### Assignment
Skipping each picture, output the entries exactly as they stand below.

Short web captions:
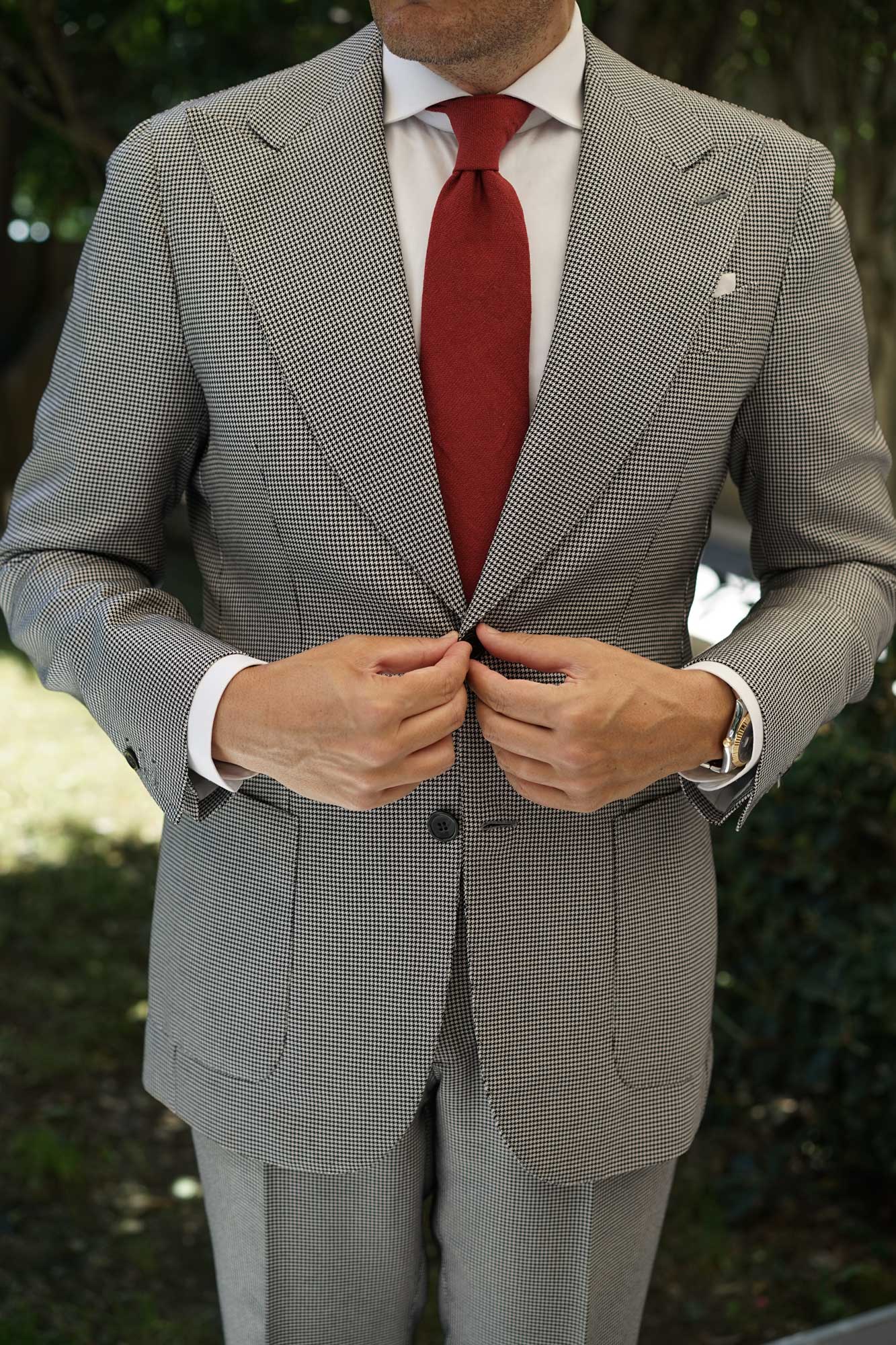 Carmine Burgundy Linen Necktie - Image 9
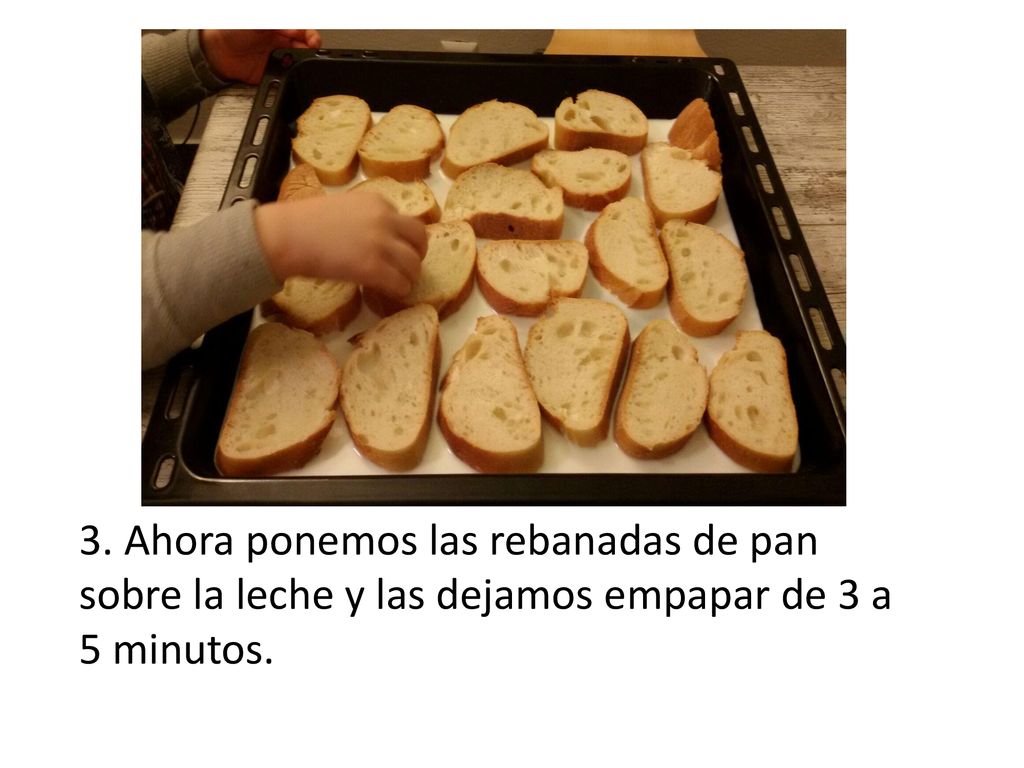 3. Ahora ponemos las rebanadas de pan sobre la leche y las dejamos empapar de 3 a 5 minutos.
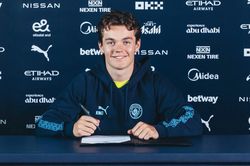 Man City ký hợp đồng với sao trẻ đồng hương của Haaland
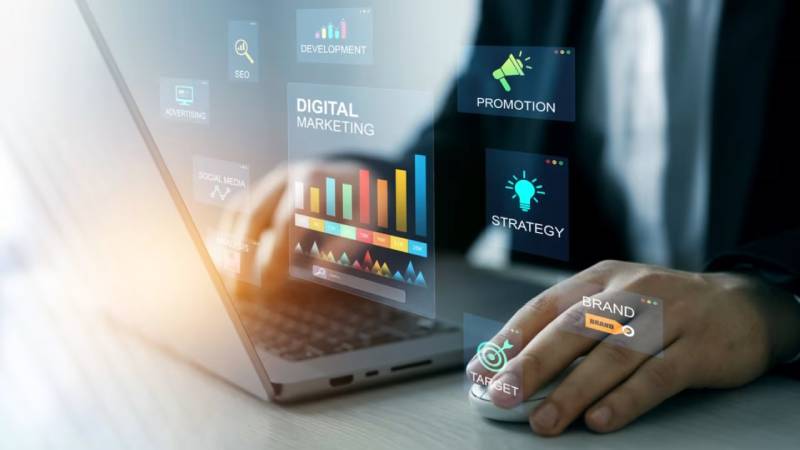 吴忠小程序开发：Hotwire和Stimulus如何通过最少的自定义 JavaScript 提供互动性？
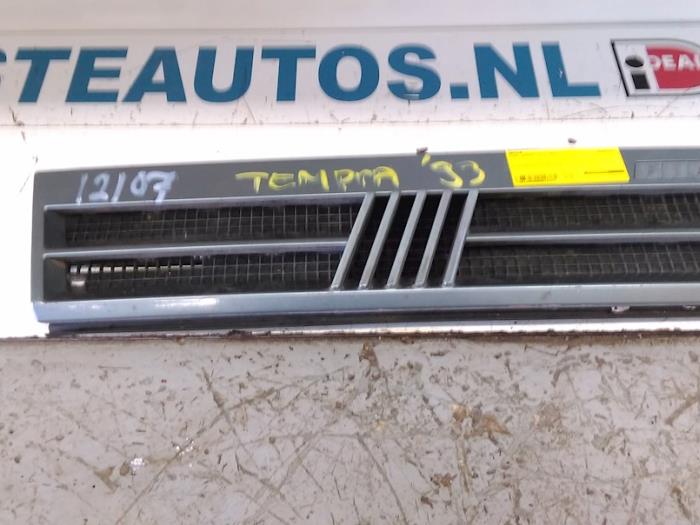 Używane Grill Fiat Tempra SW (159) 1.6 Cena € 20,00 Procedura marży oferowane przez Autodemontagebedrijf R. Poeste B.V.
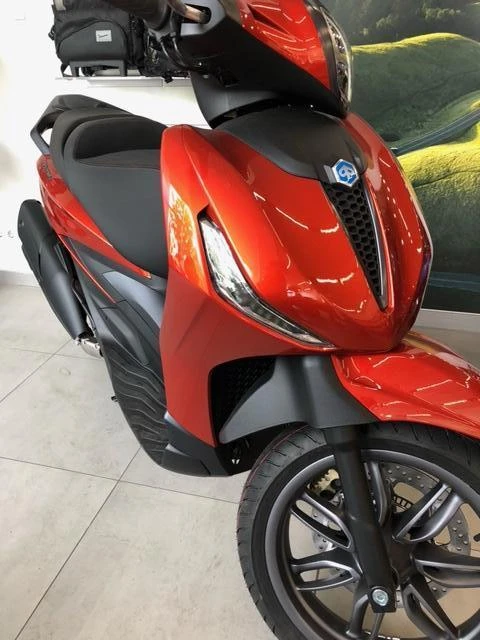 Piaggio Beverly 400 S, снимка 2 - Мотоциклети и мототехника - 47876819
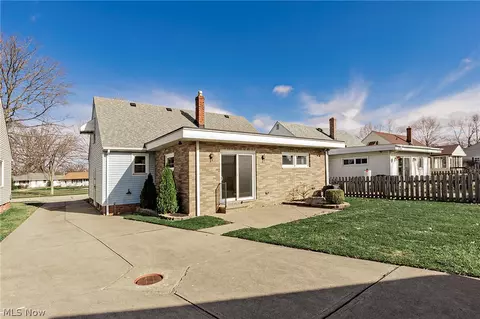 30104 Warren Rd, Wickliffe, OH 44092 photo 45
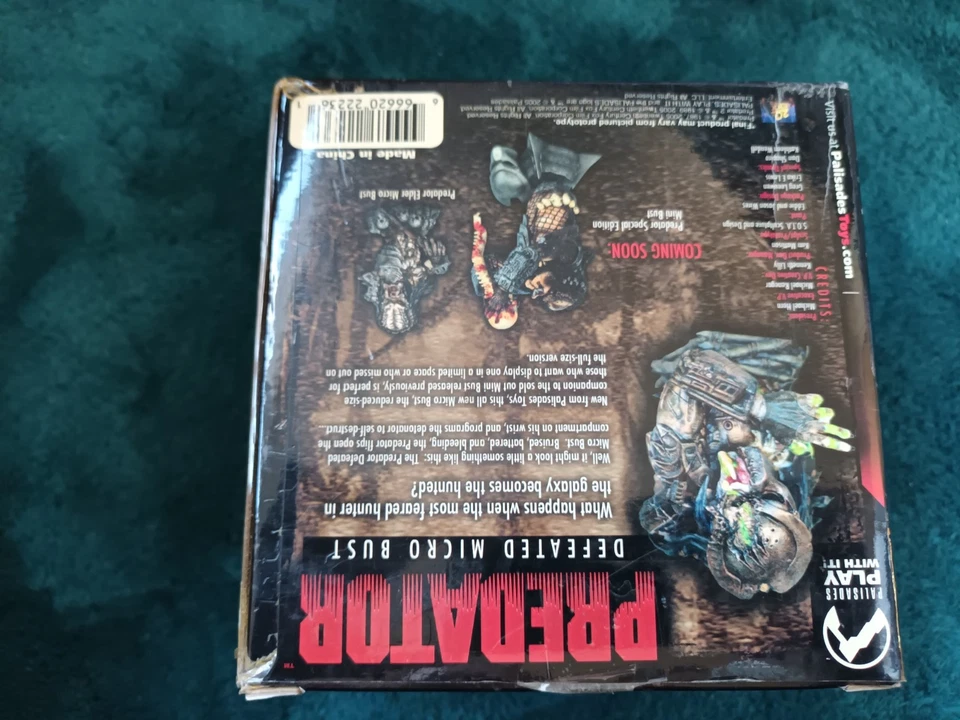 Predator Defeated Mirco Vinyl Figure - Image 4 of 4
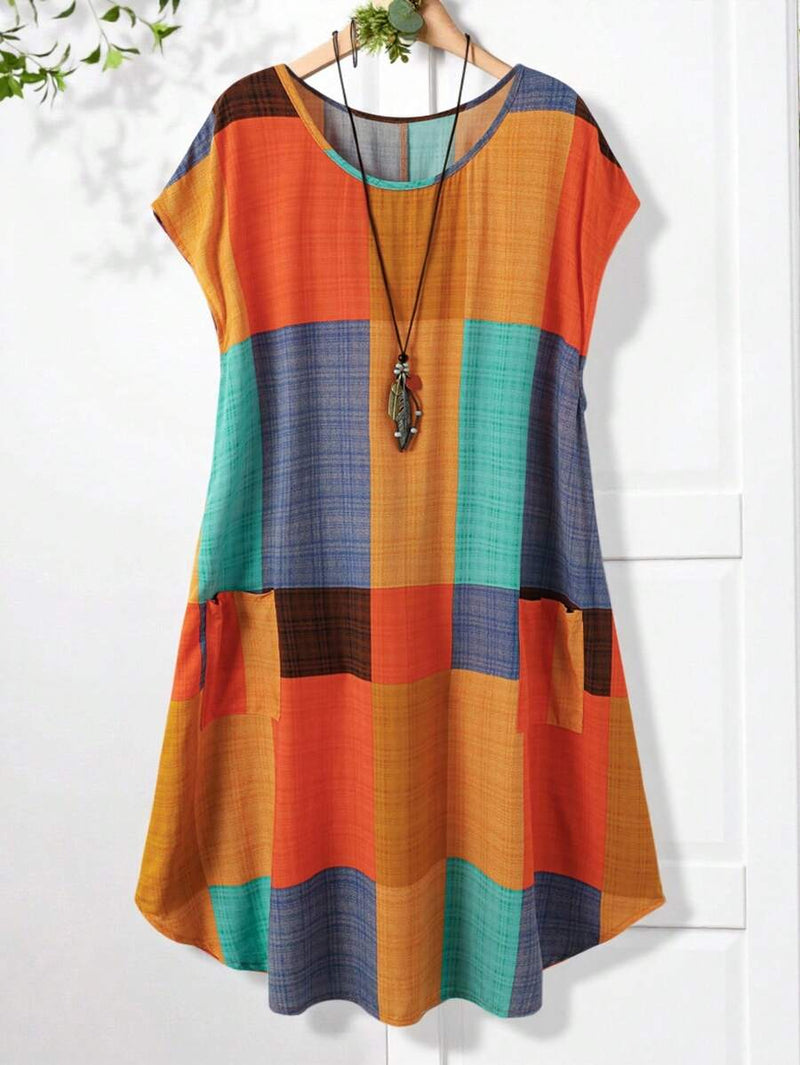 Vestido Feminino Casual de Manga Curta - Camille. Plus Size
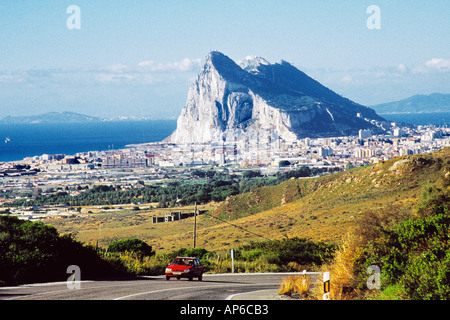 Roccia di Gibilterra vista da la linea, Cadice. Andalusia Spagna Foto Stock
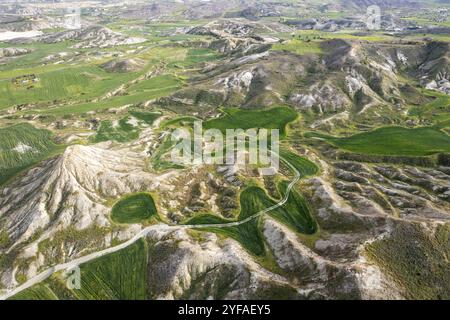 Fait image aérienne de terres agricoles de champ. Récolte en extérieur, Chypre, Europe Banque D'Images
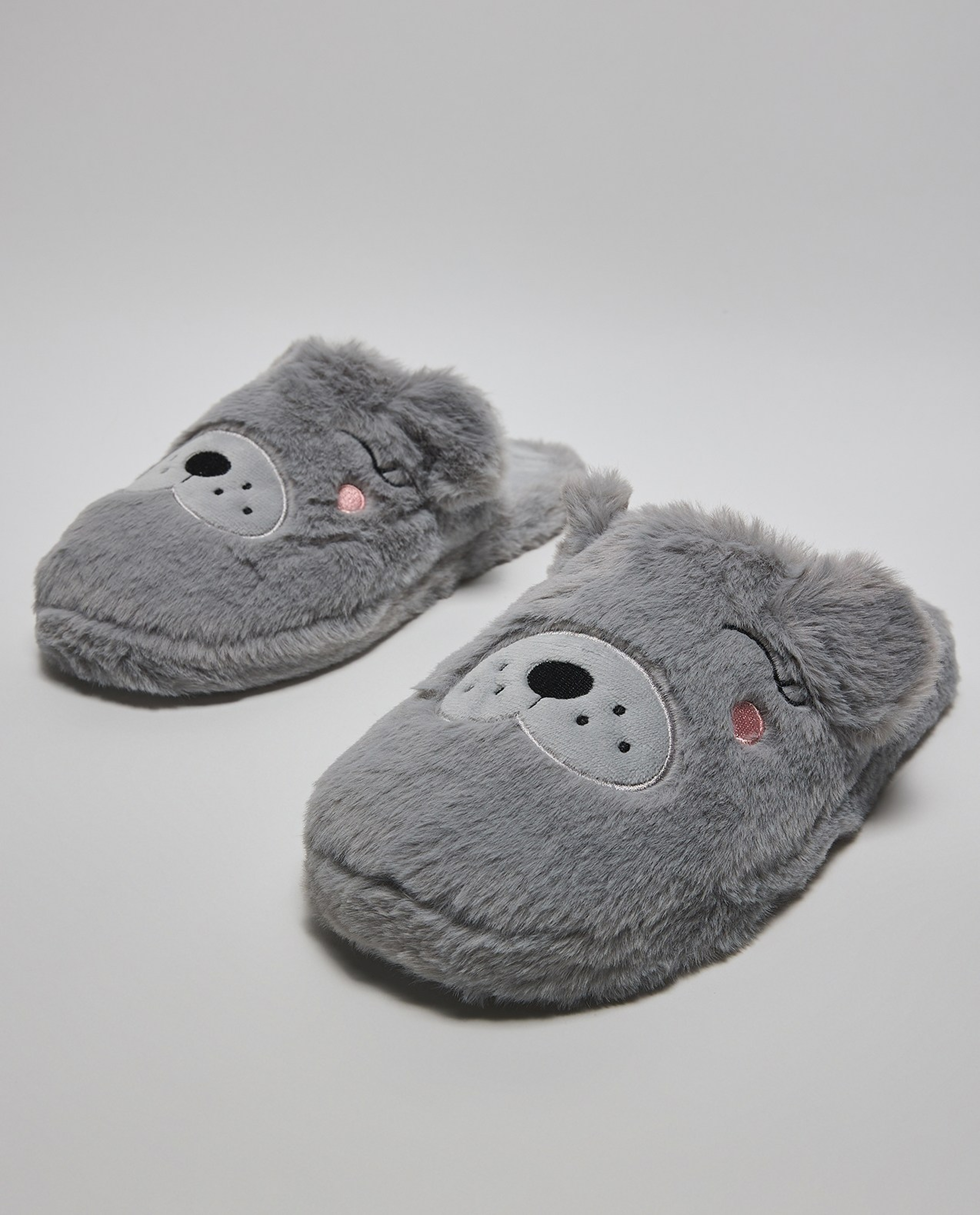 Appliqued Bedroom Slippers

### Exercise response
 Carmine Burgundy Linen Necktie - Image 9
 3. Ahora ponemos las rebanadas de pan sobre la leche y las dejamos empapar de 3 a 5 minutos.
 Man City ký hợp đồng với sao trẻ đồng hương của Haaland
 吴忠小程序开发：Hotwire和Stimulus如何通过最少的自定义 JavaScript 提供互动性？
 Używane Grill Fiat Tempra SW (159) 1.6 Cena € 20,00 Procedura marży oferowane przez Autodemontagebedrijf R. Poeste B.V.
 Piaggio Beverly 400 S, снимка 2 - Мотоциклети и мототехника - 47876819
 30104 Warren Rd, Wickliffe, OH 44092 photo 45
 Predator Defeated Mirco Vinyl Figure - Image 4 of 4
 Vestido Feminino Casual de Manga Curta - Camille. Plus Size
 Roccia di Gibilterra vista da la linea, Cadice. Andalusia Spagna Foto Stock
 Fait image aérienne de terres agricoles de champ. Récolte en extérieur, Chypre, Europe Banque D'Images
 Appliqued Bedroom Slippers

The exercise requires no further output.